The Illustrated Guide to Criminal Law
Chapter 11: Excuse Me!
Excuse pg 8: Elements of the Provocation Defense
Fred was charged with murdering the plumber. At trial, he asserted a provocation defense, claiming that he was in a murderous rage for a damn good reason, and so he must therefore be excused.
Fred in the witness box, making his case.
FRED
It’s not that I was insane at the time,
just that you can’t blame me for reacting the way I did!
So he’s going to need the jury to believe that:
(1) The plumber provoked him,
(2) into a passion that overcame his reason,
(3) He killed in the heat of that passion, and
(4) A “reasonable person” in that situation would have been just as provoked.
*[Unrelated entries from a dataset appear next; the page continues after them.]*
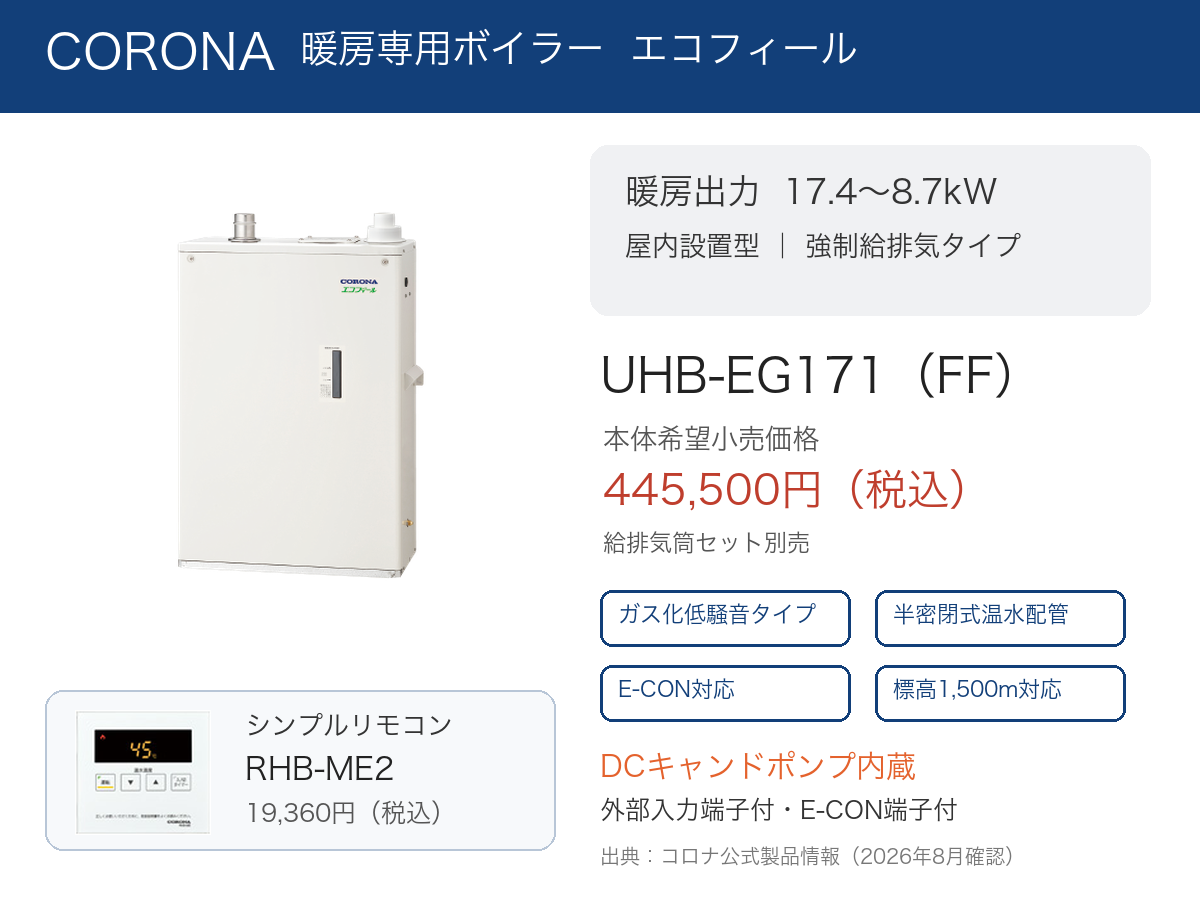 UHB-EG171（FF） コロナ公式特徴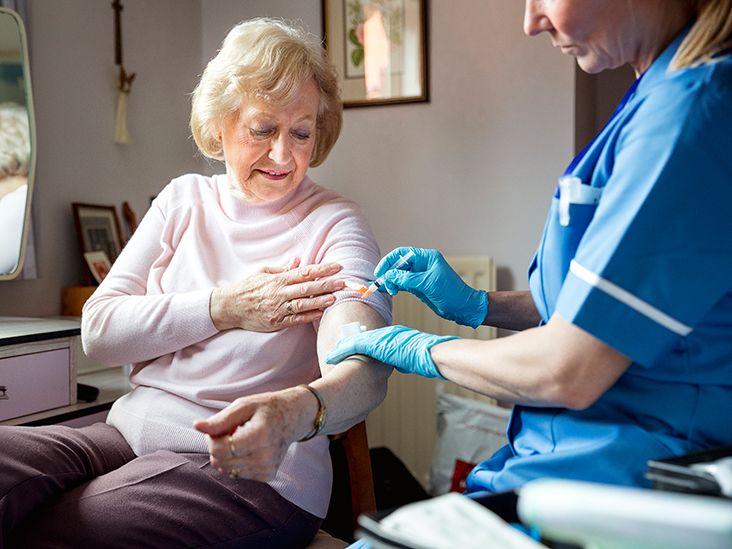 Does Medicare pay for flu shots?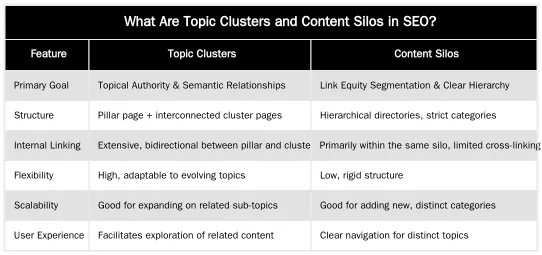 What Are Topic Clusters and Content Silos in SEO? — Topic Clustering vs. Content Silos: Which is Better for Medical SEO?
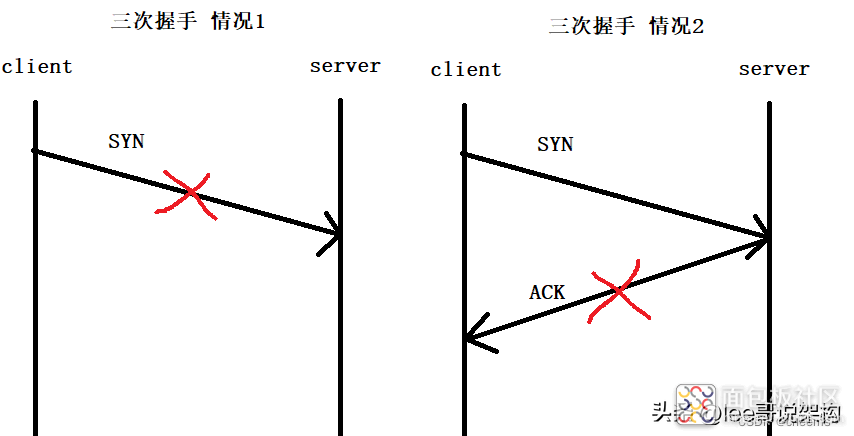 adac2881b2794c259d8010b88a966576~noop.image?_iz=58558&from=article.jpg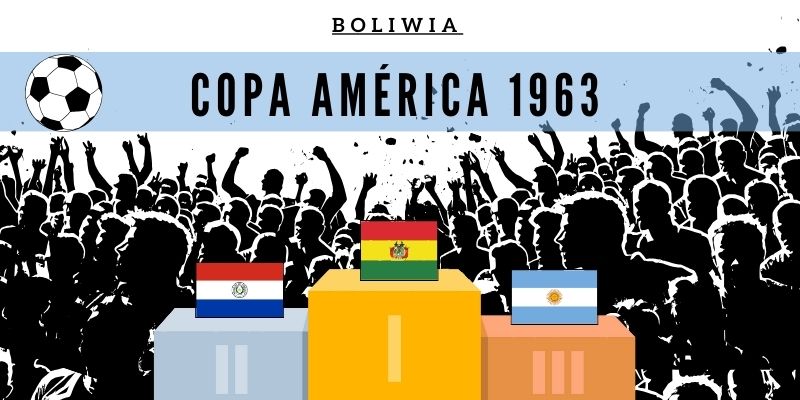 Copa America 1963
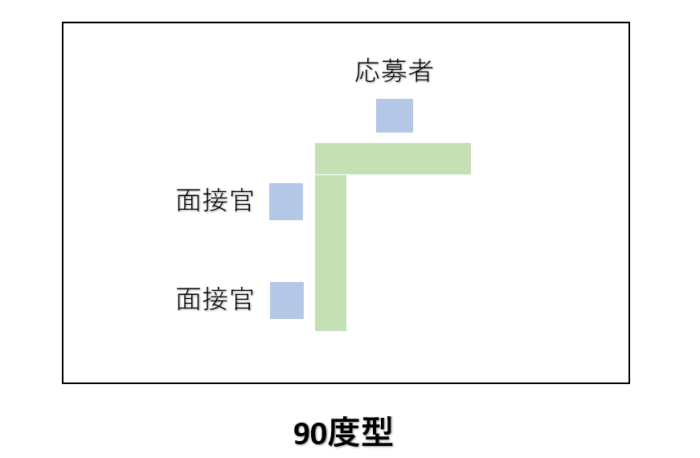 90度型レイアウト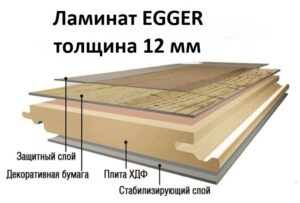 ламинат Egger толщина планки 12 мм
Well, 1-3 seem pretty straightforward. He may have a problem with 4 though. While a reasonable person might be provoked into getting violent in that situation, there’s a bit of a difference between “getting violent” and “beating a man to death”.
Is there, though? What if Fred had only punched the plumber one time, but it happened to have been the *single blow* that crushed his windpipe (or struck the temple, or blinded him, or broke something and caused a fragment of bone to pierce the brain, heart, or something similarly important)? Once someone chooses to engage in violence in which they’re swinging at full force, they can’t really be expected to maintain enough control over the situation to control exactly how badly the other person gets hurt.
It’s a bit inconsistent, I think, to make that a factor in whether or not to hold him responsible- if a reasonably strong adult swings a fist at full force at another person exactly once, with no regard for or (more importantly) control over where the blow lands, the consequence might be anything from a brief pain to a crippling or fatal injury depending on little more than sheer chance, with no meaningful difference in the attacker’s actual action.
I’m just saying, in this particular example, either the guy is culpable, or he isn’t, if we’re basing it solely on provocation and his mental state. (Whether he is or isn’t by that fourth bullet point is incredibly subjective, of course.)
This is more or less covered earlier, in the part about transferred intent and a heavy plate getting thrown at a wife. Suffice to say that if you intend to physically injure someone, actually do injure them, and as a result they die, you’re almost certainly on the hook for murder.